La niña y la enfermera empezarán a construir un extraño e incómodo vínculo basado en lo poco que tienen en común: el dolor por una pérdida, un sentimiento de culpa que no deja de crecer y la necesidad de algún tipo de expiación. “El dolor es la espada de Dios”, musita en un momento Anna desde su lecho de enferma. La representación sagrada que hace la niña en sus rezos es la más lacerante. Invoca todo el tiempo la protección de la cruz, que deja a la vista las huellas “de la valiosa sangre de Jesús”.
Detrás de esas palabras se instala uno de los temas preferidos del realizador chileno Sebastián Lelio: la religiosidad exacerbada, casi mística, impuesta como mandato rector de la vida cotidiana y fórmula capaz de reemplazar a la verdad. “Sus acciones son la fe y la oración”, dicen en un momento para explicar su conducta. La película entera se dedica a interpelar ese tipo de afirmaciones. Antes que nada se pregunta sobre el sentido de sostener una existencia completa desde un único fundamento. Una razón de ser basada exclusivamente en los preceptos religiosos y el mundo entendido como camino doliente hacia el paraíso definitivo.
Como en Desobediencia, la película anterior de Lelio, alguien tendrá que llegar desde afuera para bajar a una realidad habitada por seres de carne y hueso conductas terrenales regidas hasta allí por criterios, preceptos y reglas más bien sobrenaturales.
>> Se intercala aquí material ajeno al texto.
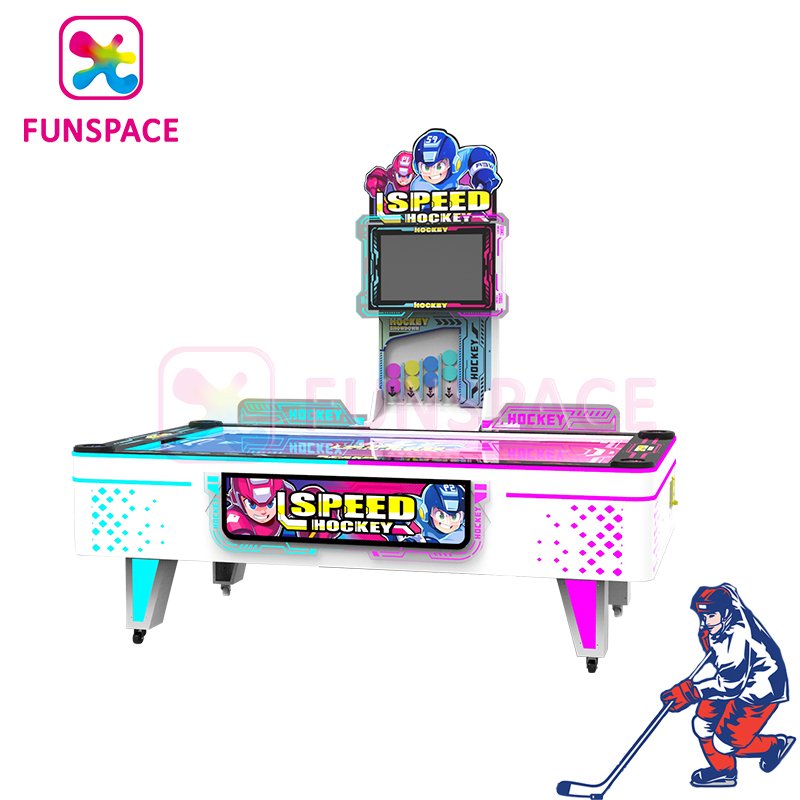 Funspace Coin Operated Air Hockey Table For Sale|Arcade Ice Hockey Table For Game Center|Amusement Airhockey Table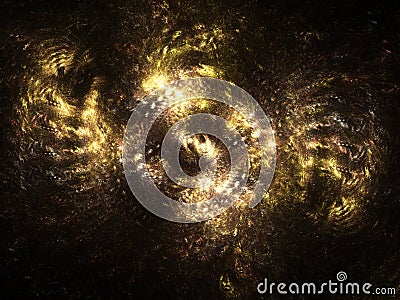 Abstract fractal background 3D rendering Cartoon Illustration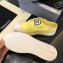 Chanel Vintage CC Logo Sneakers Yellow 2019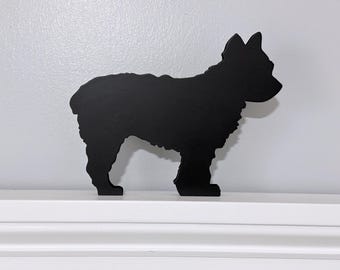 Handcrafted Yorkie Shelf Sitter: Dog Memorial Decor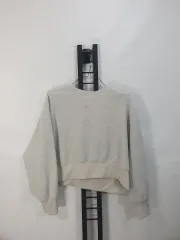 ナイキ フリース クロップド スウェット ボア シープスキン フリース クルーネック s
El realizador chileno nos lleva de viaje hacia ese pequeño mundo rural del siglo XIX marcado por el aislamiento, la desconfianza y el dogmatismo a través de los ojos de la enfermera, un personaje que ratifica el talento fuera de lo común que tiene Pugh para mostrar qué pasa en el interior del ser humano cada vez que se produce el descubrimiento de una verdad esencial.
Lelio también acierta en el retrato de las costumbres que rigen las relaciones humanas en ese mundo tan distante al nuestro, especialmente en cómo se retrata el manejo de la culpa: los rituales de expiación a los que se somete la familia de la niña, el modo en que la propia enfermera vive su sexualidad, el ensimismamiento que a veces no deja ver cuál es la salida a ese universo regido por preceptos tan rígidos.
La salida tiene que ser lenta, nos dice el realizador chileno. Y solo es posible si en el fondo cada personaje asume la pertenencia a ese mundo, inclusive alguno que en su momento dejó el pueblo para escapar de un destino que parecía inevitable y ahora regresa, convocado por la novedosa presencia de un aparente milagro. Con todo, tan pendiente está Lelio de la conexión entre la enfermera y la niña que deja a los otros personajes en un segundo plano muy visible, aprovechando solo en cuentagotas el talento de grandes actores como Toby Jones, Ciarán Hinds y Tom Burke.
Más allá de ese desliz, Lelio nos lleva con mano firme hacia un mundo en el que la vida se vive como una sucesión de derrotas inalterables. Solo es posible una salida a partir de la toma de conciencia del peligro de una existencia en la que la muerte se concibe como un triunfo. Ese resultado solo es posible de alcanzar si los personajes la encaran con tiempo y paciencia.
Con ese mismo propósito, Lelio invita al espectador a entrar en su nueva película desde un punto de partida bastante arriesgado y por lo menos desconcertante. El prodigio se pone en marcha mediante la deliberada ruptura de algunas de las convenciones clásicas de toda ficción. El relato se pone en marcha desde un tiempo y un lugar completamente ajenos al escenario de la narración. Queda en manos del espectador aceptar o no si ese comienzo fortalece o no el compromiso con una historia que más adelante revelará toda su fortaleza.